Zhengqi Li is a third-year Ph.D. student at Cornell University and interned at Google Research. His paper "Learning the Depth of Moving People by Watching Frozen People” won the Best Paper Honorable Mention at the 2019 CVPR Conference.
"This paper examines 3D reconstruction of scenes with people from monocular video. The paper shows insightful creation of a dataset for this task, in addition to a solid execution of a state-of-the-art algorithm," the Award Committee stated. "It has strong potential to be impactful paper in this area, facilitating future work in outdoor reconstruction with complex moving scenes."
This episode is a live recording of Zhengqi Li presenting his paper during the CVPR poster session. He discussed his project in detail and how he analyzed data gathered from videos to predict dense depth in a scene.
/ Full Interview Transcripts /
My name is Zhengqi Li from Cornell University and I'm a third year Ph.D. student working with Prof. Noah Snavely. I will present our work on "Learning the Depth of Moving People by Watching Frozen People.” This work was done when I was an intern at Google Research.
So the basic goal of our work is to predict dense depth maps from an ordinary video when both camera and people in the scene are freely moving. And as we know classical geometric motion stereo algorithm does not work for moving people. So we tackled this fundamental challenge using a data-driven approach.

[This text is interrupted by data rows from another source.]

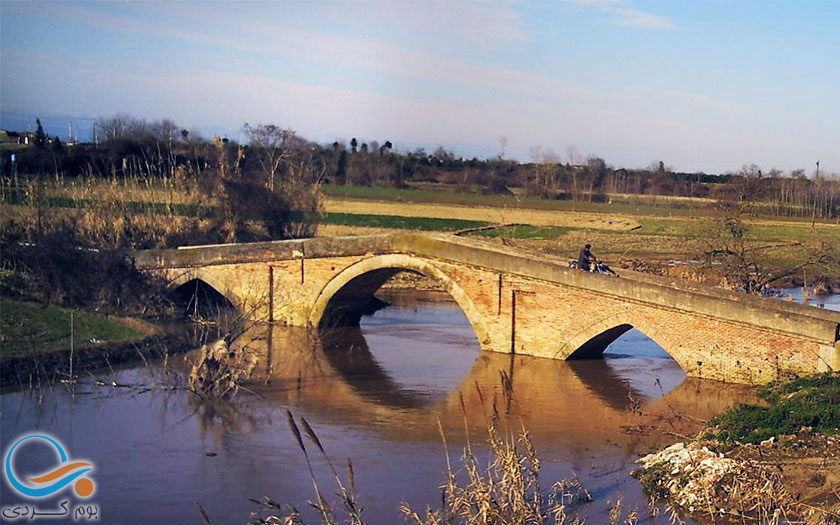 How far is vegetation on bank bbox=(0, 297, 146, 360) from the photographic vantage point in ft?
64.9

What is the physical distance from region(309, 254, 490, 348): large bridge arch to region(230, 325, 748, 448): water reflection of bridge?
0.95m

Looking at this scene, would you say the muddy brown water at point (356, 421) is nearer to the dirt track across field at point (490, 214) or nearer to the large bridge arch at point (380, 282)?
the large bridge arch at point (380, 282)

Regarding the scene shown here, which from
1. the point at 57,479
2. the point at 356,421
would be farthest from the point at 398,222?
the point at 57,479

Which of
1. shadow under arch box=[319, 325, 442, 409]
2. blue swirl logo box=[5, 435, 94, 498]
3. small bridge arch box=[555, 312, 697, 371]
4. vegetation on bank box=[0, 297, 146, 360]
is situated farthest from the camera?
small bridge arch box=[555, 312, 697, 371]

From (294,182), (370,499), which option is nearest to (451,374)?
(370,499)

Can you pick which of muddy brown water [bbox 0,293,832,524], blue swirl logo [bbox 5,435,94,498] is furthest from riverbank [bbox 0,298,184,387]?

However, data for learning depth of moving people in the wild is difficult to collect at large scale. In this work, we created a dataset called the Mannequin Challenge. This dataset comes from a very surprising source from the internet. It contains thousands of YouTube videos in which people are imitating mannequins. All the people in the scenes are static while a hand-held camera tours the scenes. Because people in the scenes are frozen, we can use classical Structure from Motion(SfM) and Multi View Stereo (MVS) to recover camera poses and depth reliably.
Here are some examples in our Mannequin Challenge Dataset. We can see it has a wide range of scenes with natural human poses and a number of people. One thing I need to mention is, as we know, internet videos are very noisy, people may not "unfreeze" and also there might be some fisheye lens distortion, camera motion blur in the videos, so we proposed a series of post-processing methods to remove such outlier frames of videos in our dataset to get our dataset for training the model.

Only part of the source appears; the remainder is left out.